Se io ero gelosa di una cosa come un'abilità che non mi apparteneva, lui lo era per colpa di qualcosa di reale e tangibile. Di quel poverello di Stuart.
"L'ho visto arrossire un paio di volte in effetti... ma nel periodo in cui siamo stati lontani da Murdoc lui non mi ha dato alcun segnale che... che ci volesse provare, ecco" - riflettei mentre i miei occhi seguivano l'irrequieto uomo verde. Mi decisi a tranquillizzarlo.
Acconciai i miei capelli ancora un po' umidi come prima, due codini flosci sul petto, e lo raggiunsi. Lo afferrai per le spalle e lo guardai dritto negli occhi - "Calmati" - mormorai.
"E come?! Sono geloso!" - lo ammise con una certa acidità, mista a consapevolezza.
"Lo so. E lo sono anch'io del mio potere che sembra attrarti più di me! Possiamo smetterla ora?" - pensai che forse, confidandogli apertamente quel dettaglio, si sarebbe convinto a calmarsi.
Di fatto, sembrò funzionare. Il suo sguardo da furioso si fece stanco e dispiaciuto, le spalle da tese si abbassarono e il broncio contrariato divenne mogio - "Okay" - sussurrò in risposta.
"Pensaci bene..." - continuai io - "Sei stato chiuso nel faro per giorni... e io sono qui. Secondo te D non ci avrebbe provato? Beh, io ti dico che non ha fiatato o alzato un dito, quindi puoi star tranquillo. Mi trova solo carina, credo... chissà, magari anche Russel pensa la stessa cosa".

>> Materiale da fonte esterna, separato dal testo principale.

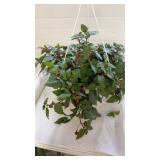 Marinka Fuchsia 10" Hanging Basket
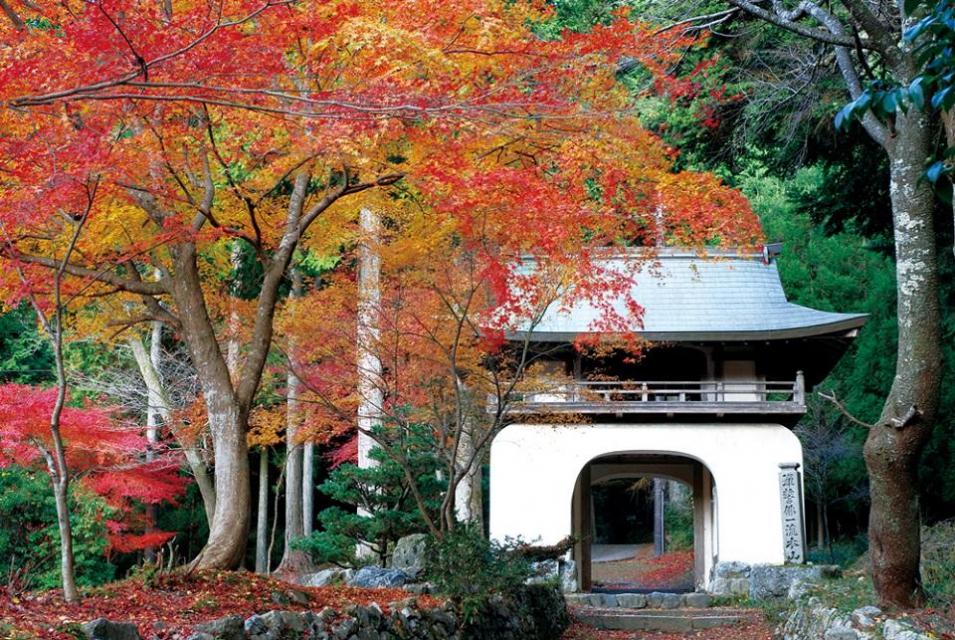 古知谷阿弥陀寺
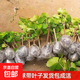 陽(yáng)光玫瑰葡萄樹(shù)苗盆栽包成活果樹(shù)苗南北方種植葡萄苖當年結果 陽(yáng)光玫瑰苗【原盆原土】2顆裝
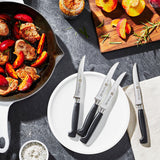 ZWILLING Four Star 4-pc Steak Knife Set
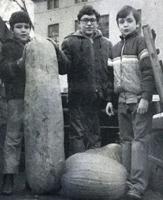 History: Yesteryears, Nov. 25 edition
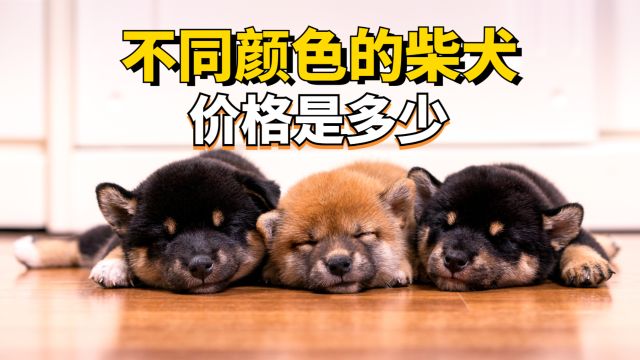 拥有四种颜色的柴犬,价格分别多少?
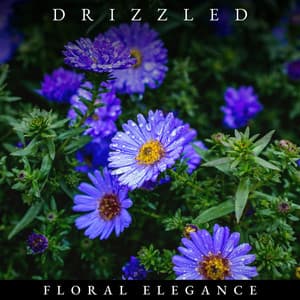 Drizzled Floral Elegance - Rainy Dreaming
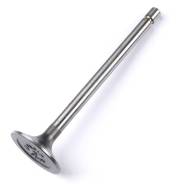8943958820 VALVE; INL
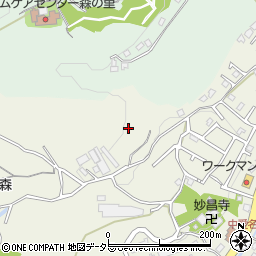 神奈川県厚木市愛名172周辺の地図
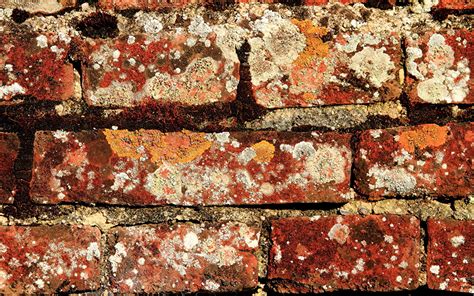 Photo Texture Made Of Bricks Wall Closeup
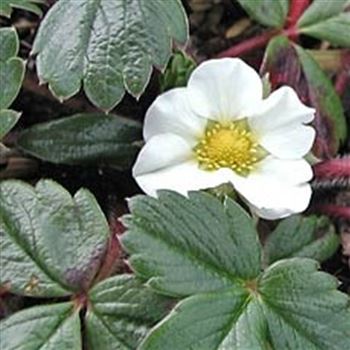 fragaria_chiloense_chaval_GM_Q1.jpg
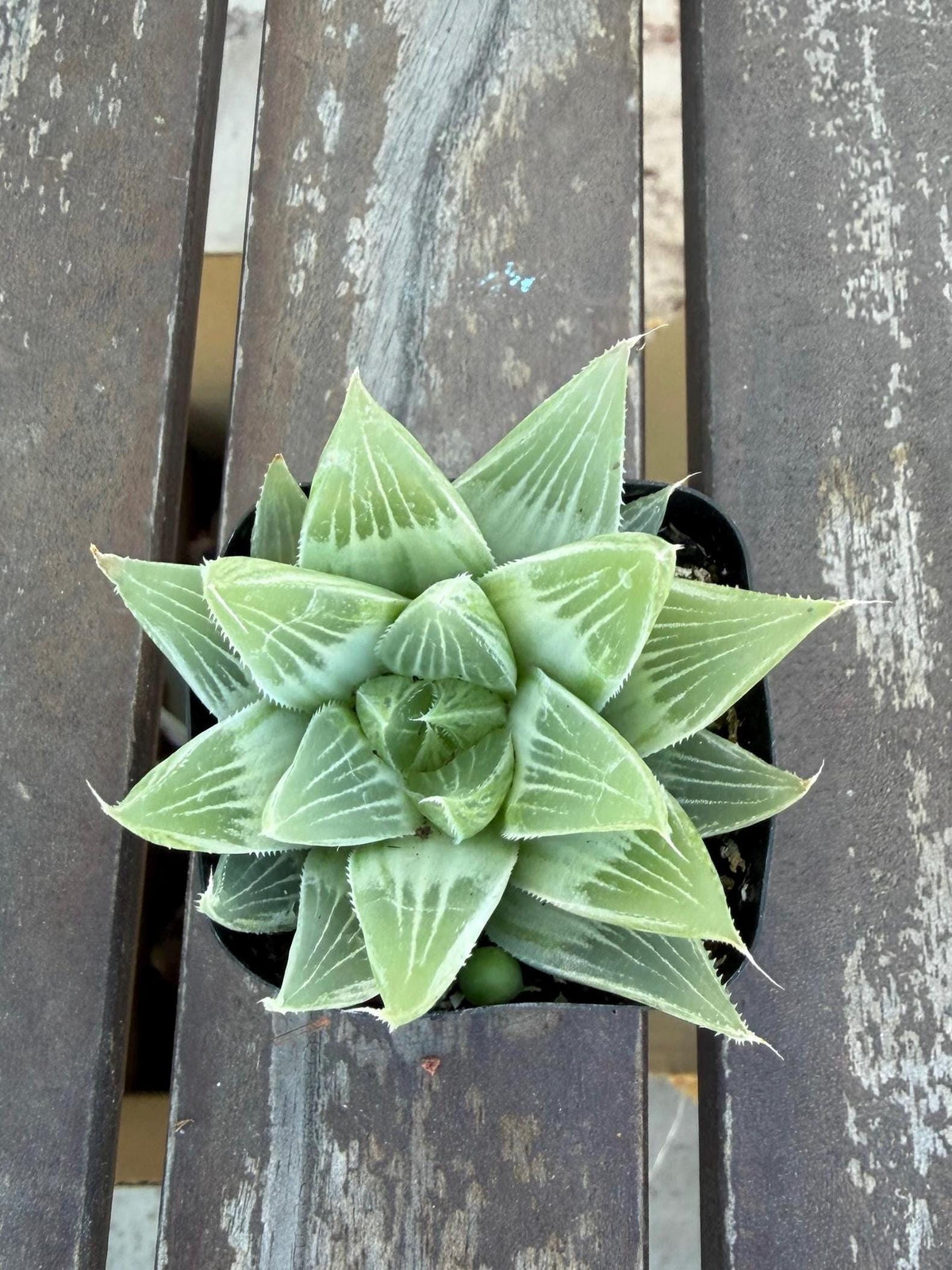 Haworthia retusa ‘White Ghost’ 2"| Rare Variegated Succulent | Collector’s White Haworthia | Live Indoor Plant | Drought‑Tolerant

La sua espressione iniziò di nuovo a cambiare - "cattivo segno" - così mi spiegai meglio.
"Quello che voglio dire è che... che per ora mi interessi tu. Non loro. E-E loro sanno che... beh...".

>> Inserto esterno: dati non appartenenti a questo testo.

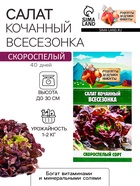 Семена Салат кочанный "Всесезонка", 0,5 г - Фото 1
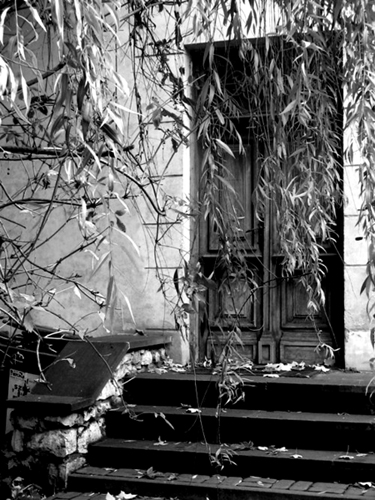 Kliknij na zdjęcie, żeby zobaczyć w pełnych wymiarach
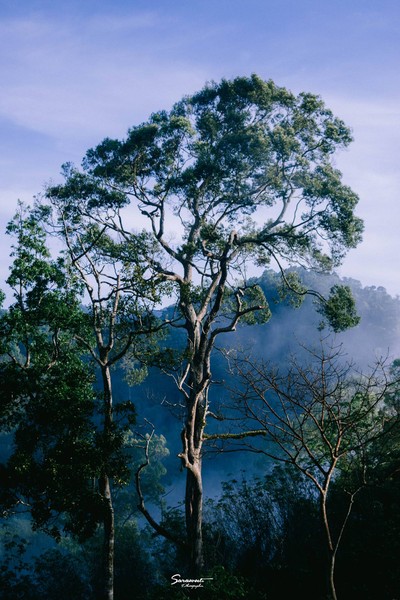 'เลหมอกเขาไข่นุ้ย' พังงา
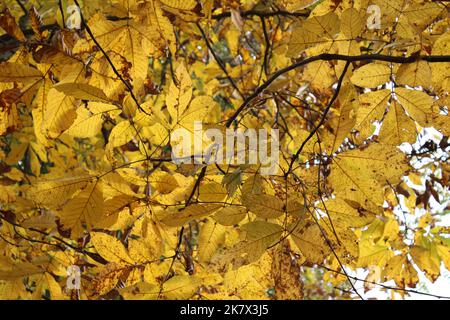 Ein Vordach aus Hickory-Blättern aus gelber Shagbarke im Herbst Stockfoto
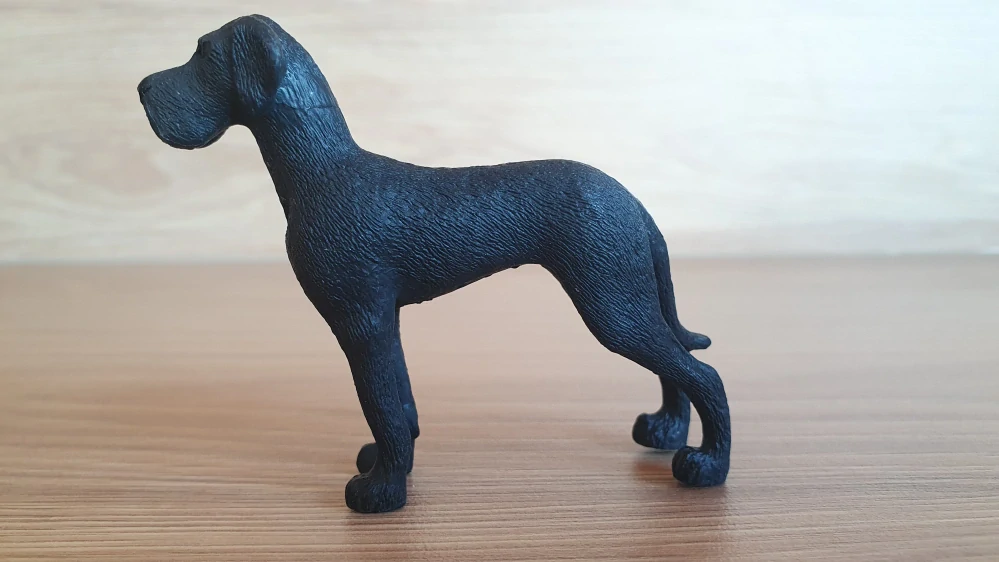 Německá doga  13962, model 2022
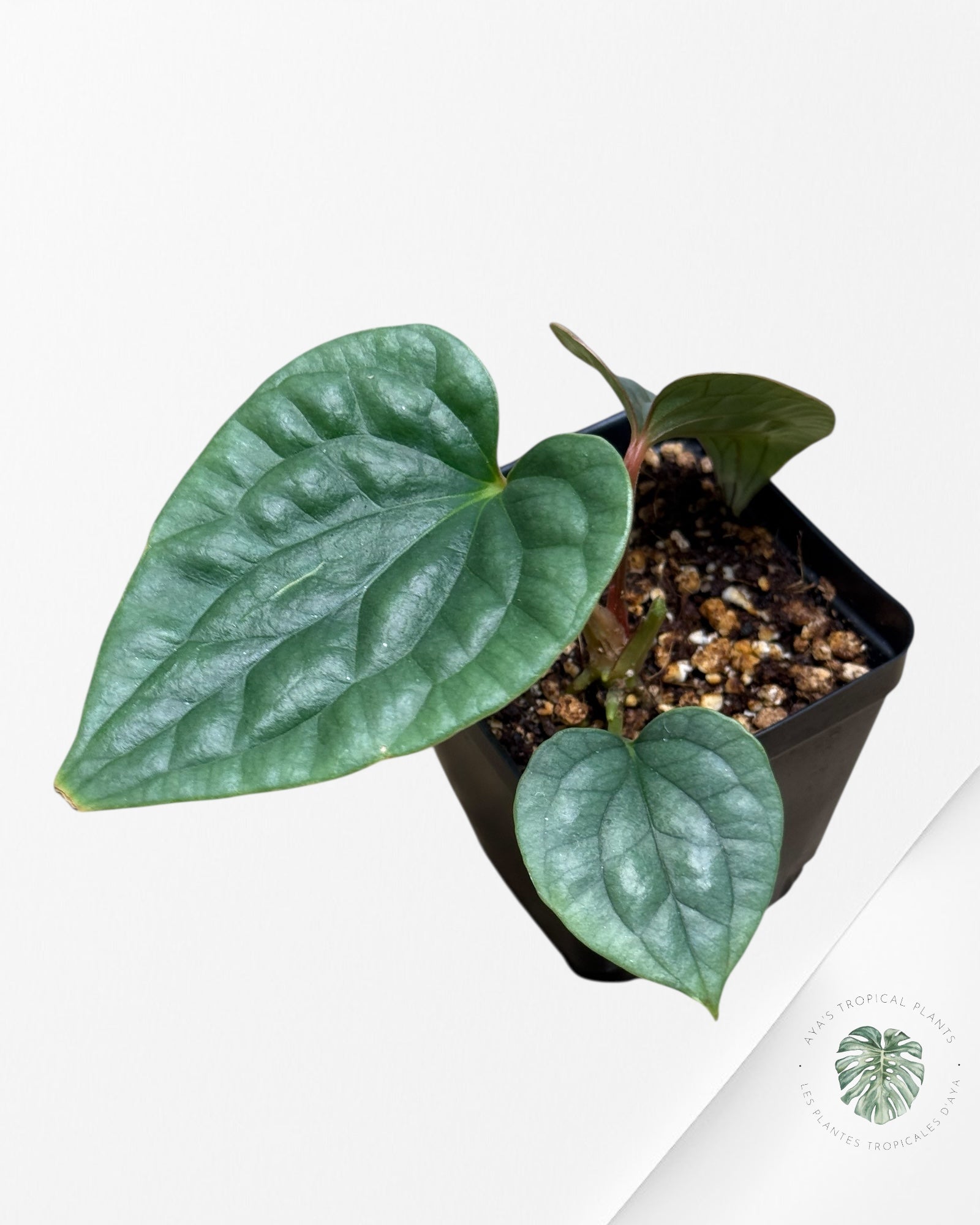 Anthurium luxurians 'Platinum' A
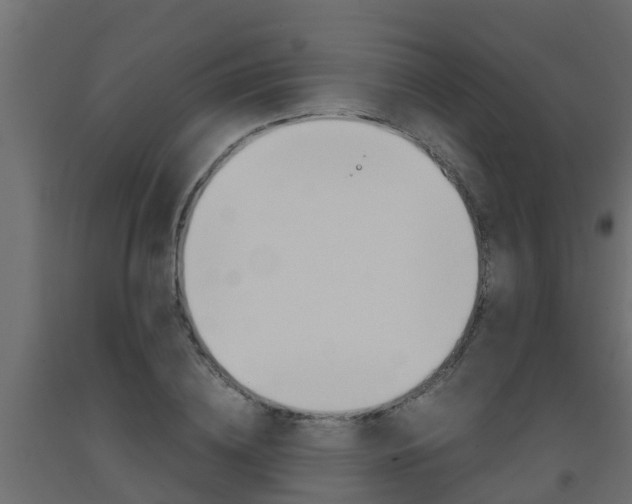 X0000093570836200710151014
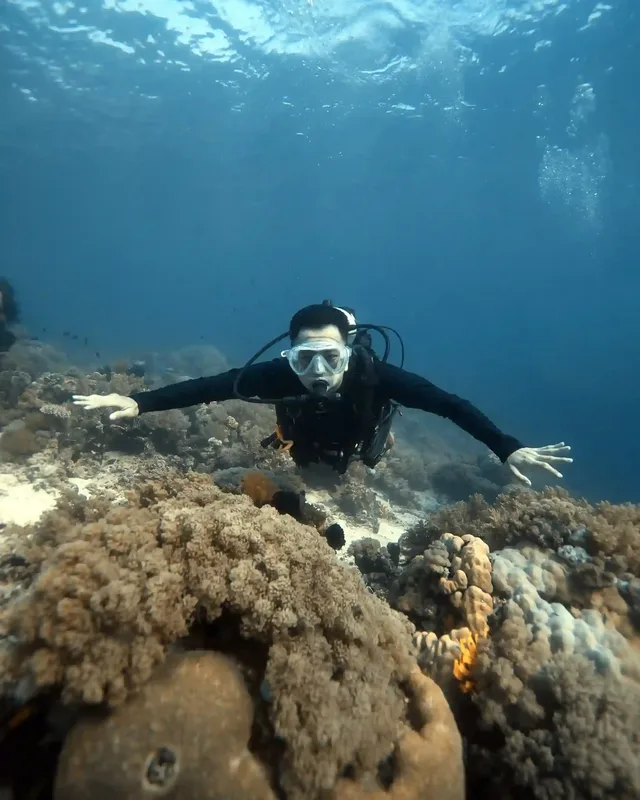 A diver over coral in Komodo National Park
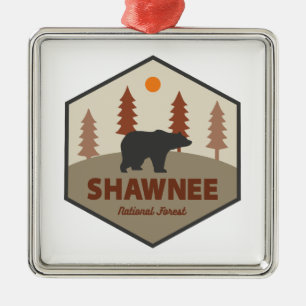 Adorno Metálico Oso del Bosque Nacional Shawnee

"Sanno cosa?" - domandò improvvisamente curioso.
"Sanno del primo bacio, nello studio" - mi affrettai a rispondere - "Sanno, e stanno alla larga. Quindi non devi preoccuparti. Non mi porteranno via da te. Per me ci sei tu".
Ancora non ci credevo di star facendo certe promesse ad un essere umano.
"Sono un angelo, dannazione! Perché illudo in questo modo sia me stessa che gli altri?!"